>>

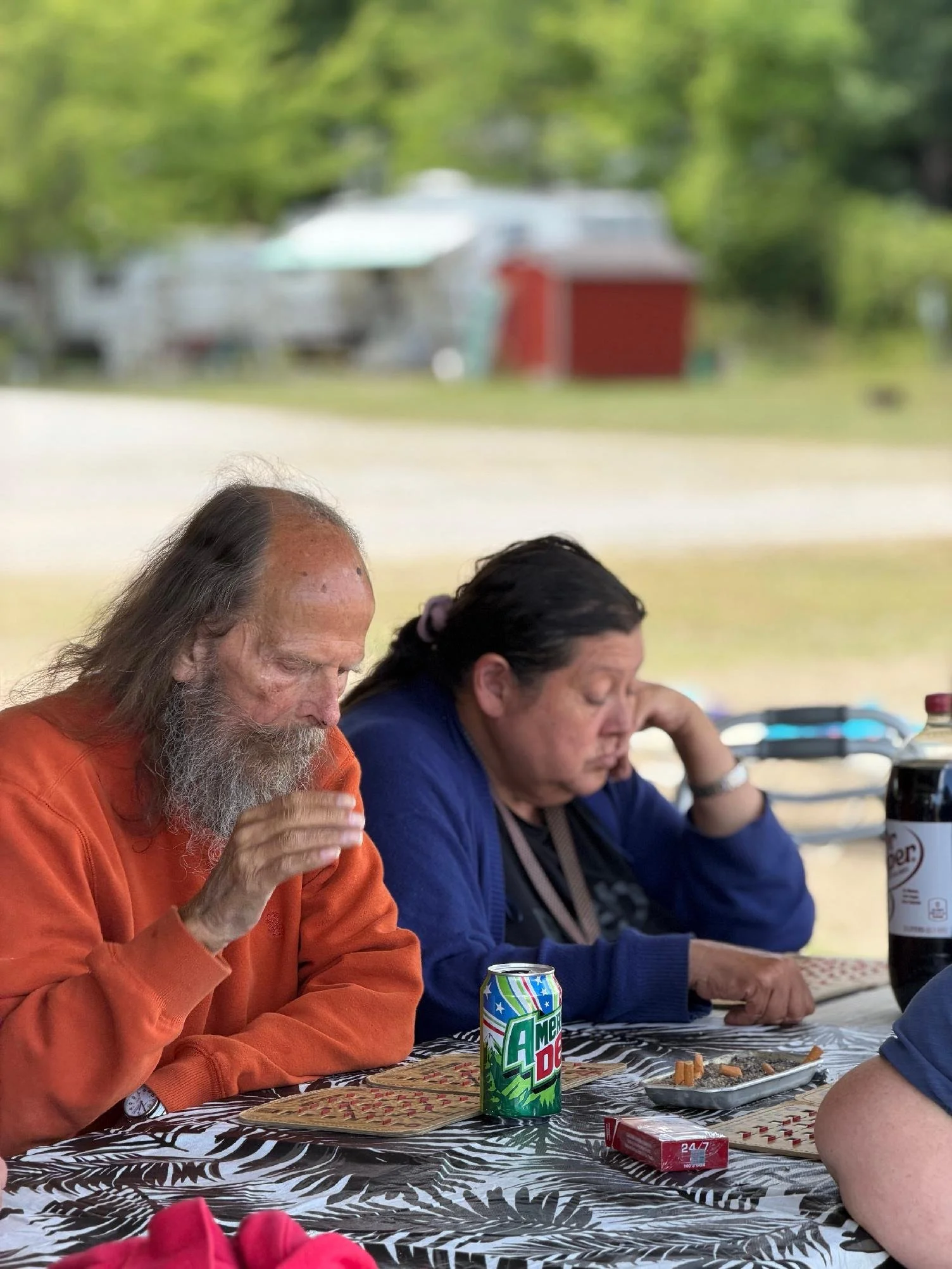 Two people are seated at a table outdoors during daytime. The person on the left has long gray hair, a beard, and is wearing an orange sweatshirt. The person on the right has dark hair tied back, wearing a dark blue top. There is a can of Mountain De
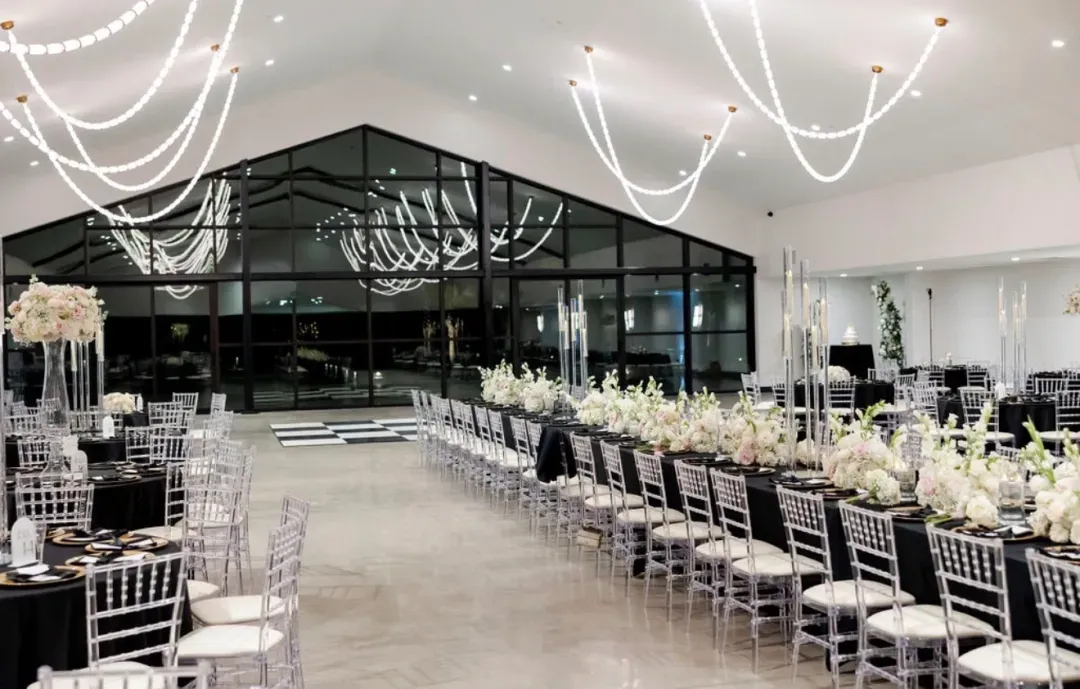 Ballroom with long banquet tables, silver chairs and white florals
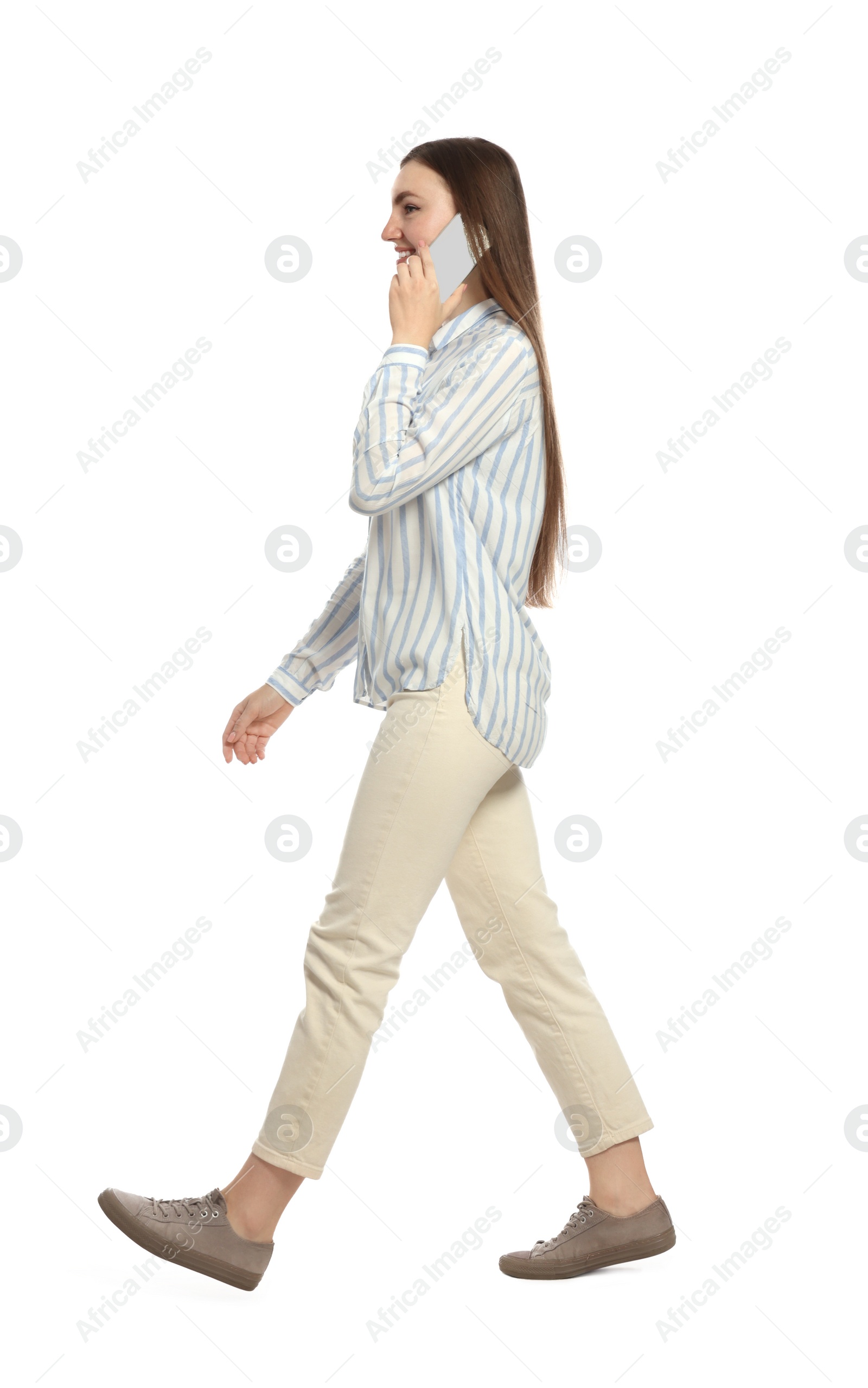 Photo of Young woman in casual outfit talking on smartphone while walking against white background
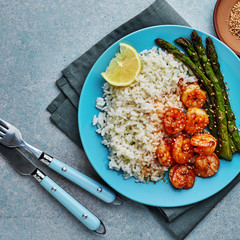 Wall Mural - Delicious teriyaki coated shrimps stir fry with grilled asparagus, rice and sesame on a blue plate. Healthy seafood meal. Top view, directly above shot.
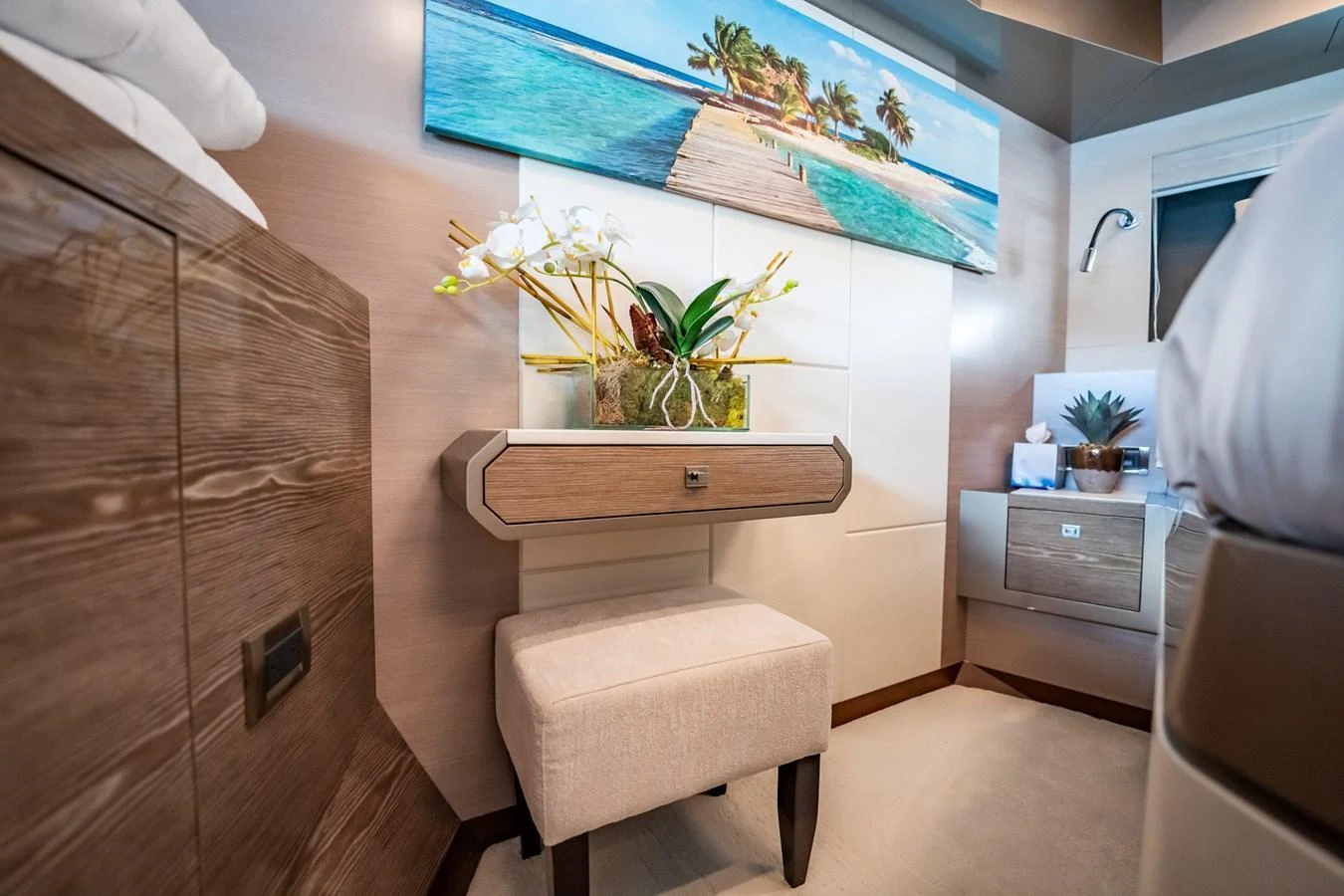 A cozy and elegantly decorated interior space featuring a small seating area and vibrant artwork. aboard AQUASITION Yacht for Sale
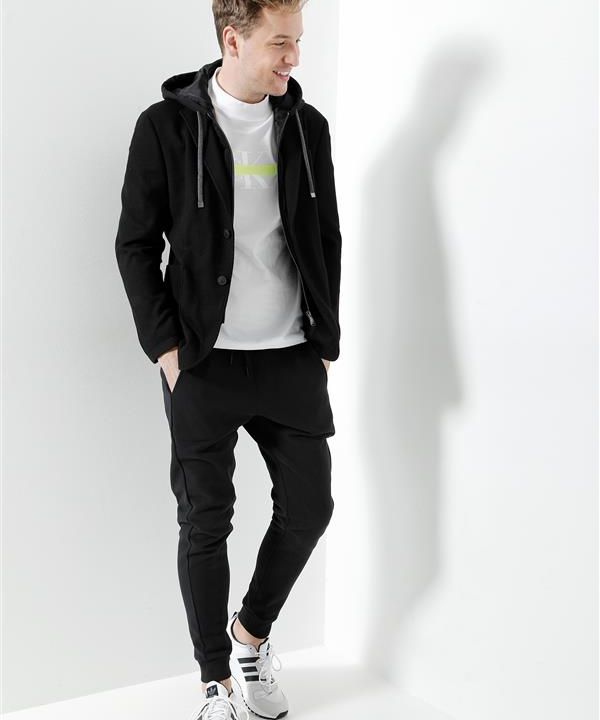 Eine Person in lässiger Kleidung steht vor einem weißen Hintergrund. Sie trägt einen schwarzen Kapuzenpullover, ein weißes T-Shirt, schwarze Jogginghosen und weiße Turnschuhe. Die Person schaut zur Seite und lächelt, die Hände in den Taschen.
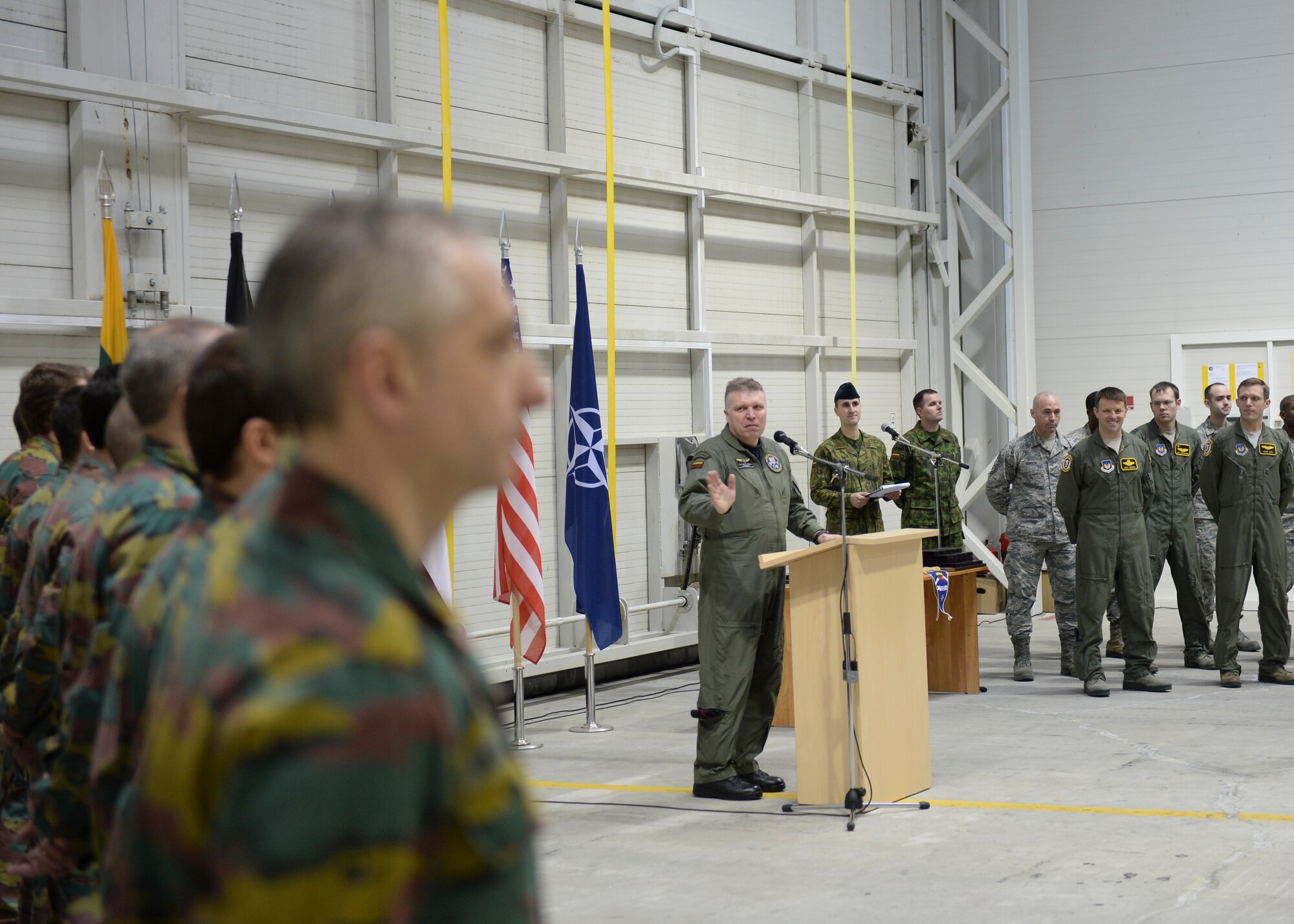 Maj Gen Edvardas Mažeikis, commander of the Lithuanian Air Force, expresses thanks to the Belgian and U.S. air forces during a change of command Jan. 3, 2014. The ceremony acknowledged the transfer of the Baltic Air Policing mission from the Belgian air force to the U.S. Air Force. The U.S. will maintain Lithuania’s sovereign air space for four months. (U.S. Air Force photo by Airman 1st Class Nigel Sandridge/Released)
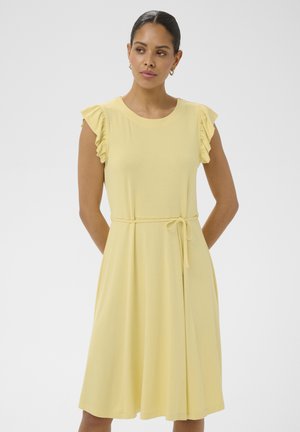 Femeie purtând o rochie galben pal până la genunchi, cu mâneci scurte cu volane și o curea legată în talie, stând pe un fundal simplu și deschis la culoare.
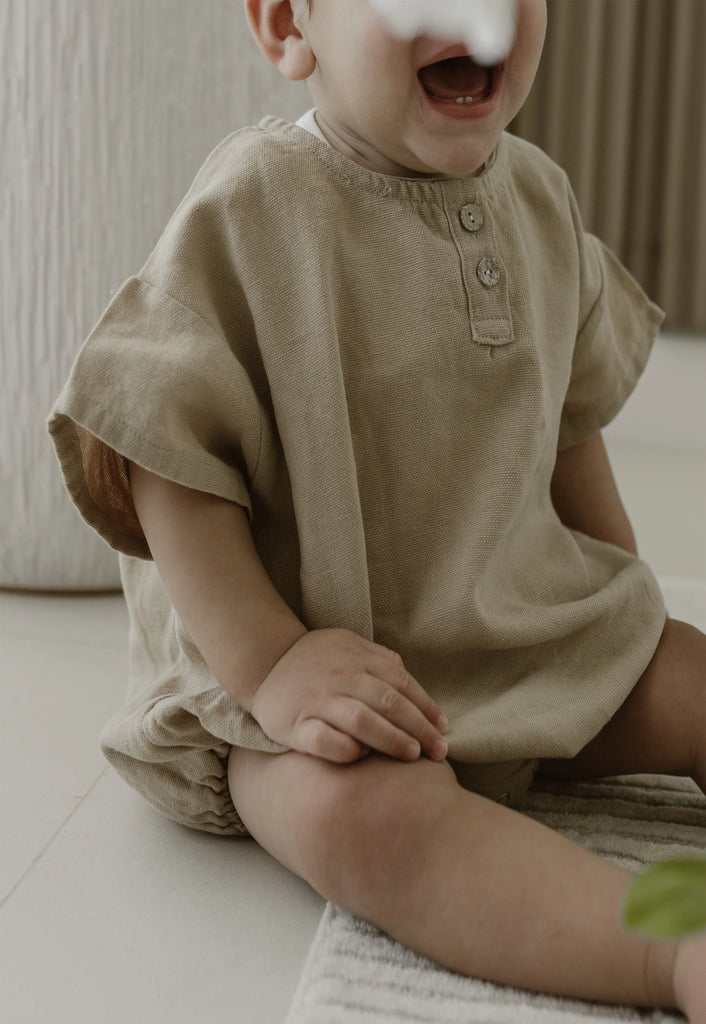 A baby wearing a light caramel gray romper from Apples and Bananas sits on a ground surface. The background, featuring a cozy living room setting , enhances the warm and inviting atmosphere. This adorable scene perfectly captures the essence of comfort and simplicity, making it an ideal moment for the Apples and Bananas brand.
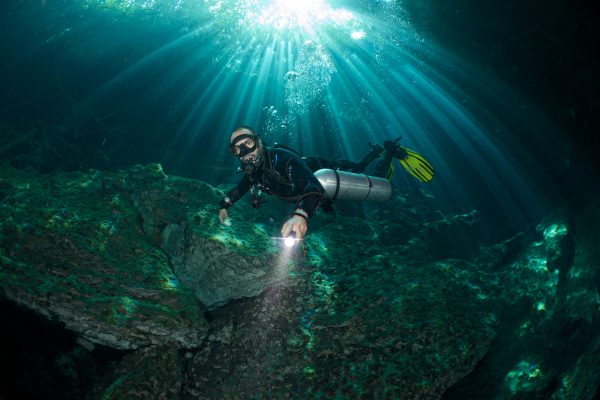 Underwater stills photographer capturing a cave diver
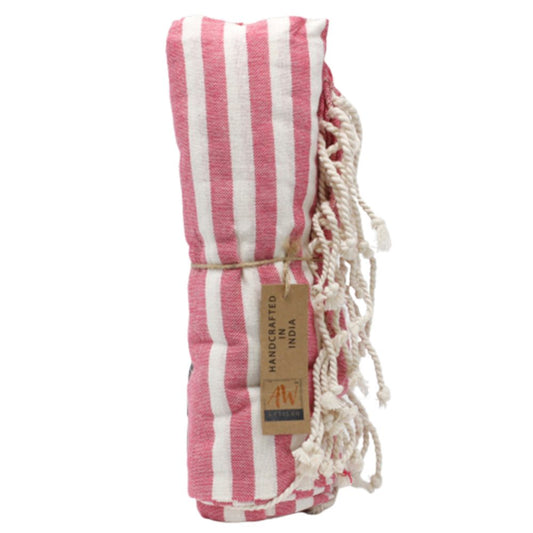 A pink and white striped towel is rolled and tied with twine. A tag reads "HANDCRAFTED IN INDIA".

<<

▶ [EXERCISE DESCRIPTION]:
The required response consists solely of the lines from the line containing "Underwater stills photographer" through the end of the listing, both ends included, copied exactly without pictures.

▶ [REPLY TO THE EXERCISE]:
 Underwater stills photographer capturing a cave diver
 A pink and white striped towel is rolled and tied with twine. A tag reads "HANDCRAFTED IN INDIA".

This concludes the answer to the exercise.